Data to process: Begin

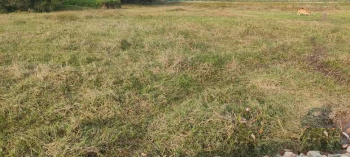 Property for sale in Khariberia, Kolkata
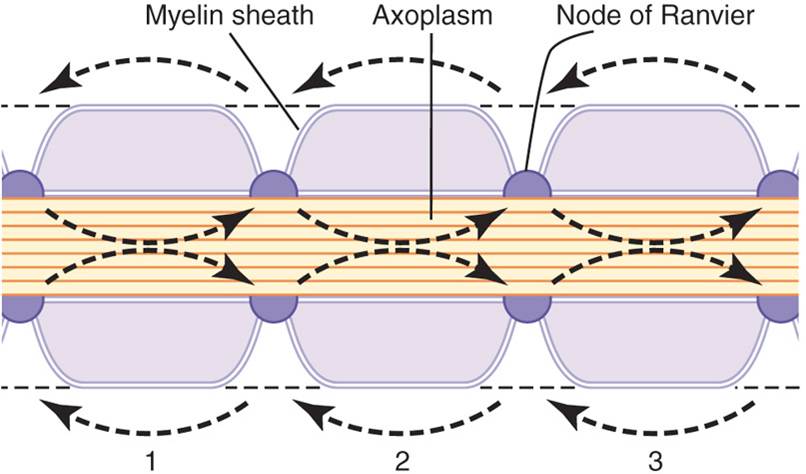 SALTATORY CONDUCTION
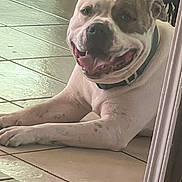 Leo is registered to the contest to win money with this photo: dog, smiling, indoor, tile_floor, collar, resting, happy, pet, canine, closeup, animal, domestic, laying_down, white_dog, brown_spot, tongue_out, cute, friendly, relaxed, companion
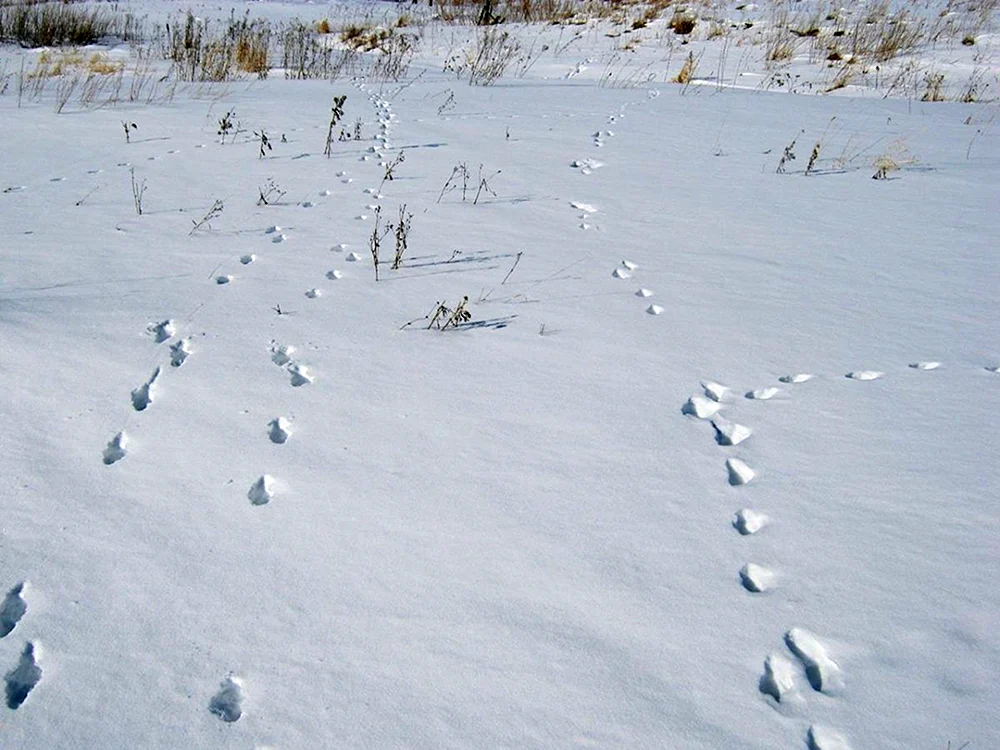 Wiesel- und Iltisspuren im Schnee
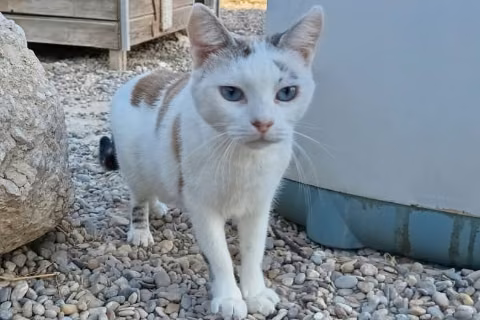 Sambala、成犬・成猫 · メス · 小型 · ヨーロピアンショートヘア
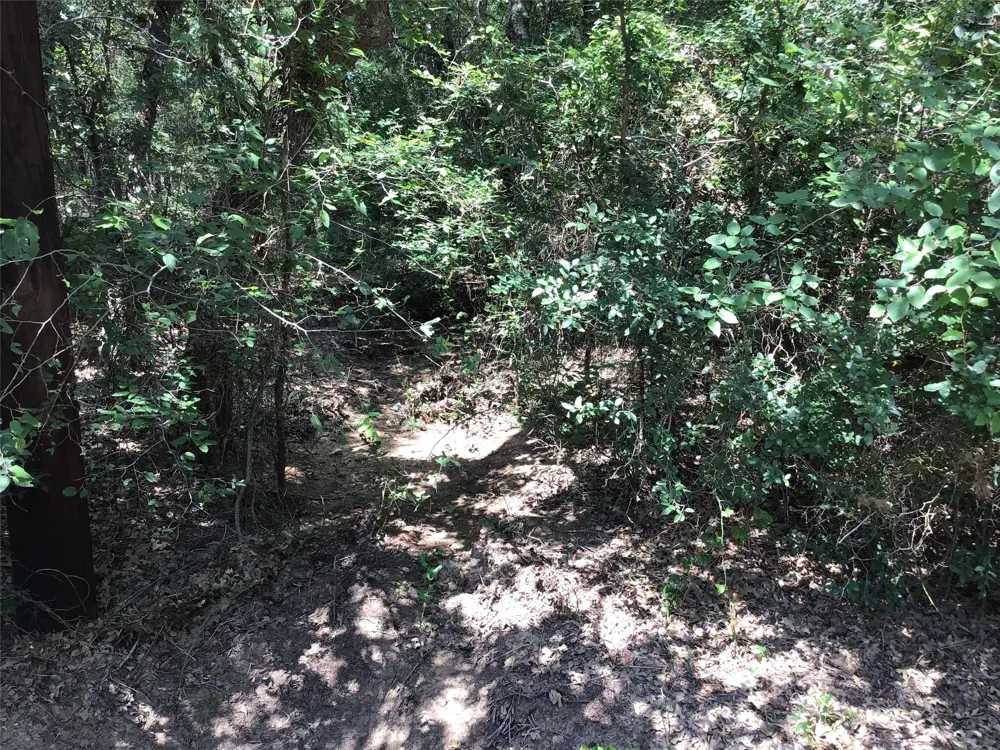 44021 Fringewood Drive Whitney, TX 76692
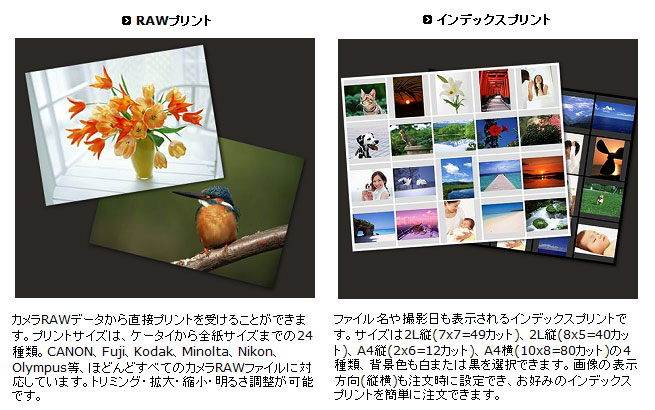 RAW�v�����g�E�C���f�b�N�X�v�����g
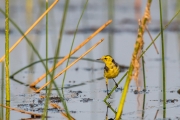 Citrine Wagtail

Data to process: End

▶ _Task to carry out_: The copy must start at the line containing "Leo is registered" and end at the last line of the data, matching each line exactly. It must hold no pictures.

▶ _Solution below_:
 Leo is registered to the contest to win money with this photo: dog, smiling, indoor, tile_floor, collar, resting, happy, pet, canine, closeup, animal, domestic, laying_down, white_dog, brown_spot, tongue_out, cute, friendly, relaxed, companion
 Wiesel- und Iltisspuren im Schnee
 Sambala、成犬・成猫 · メス · 小型 · ヨーロピアンショートヘア
 44021 Fringewood Drive Whitney, TX 76692
 RAW�v�����g�E�C���f�b�N�X�v�����g
 Citrine Wagtail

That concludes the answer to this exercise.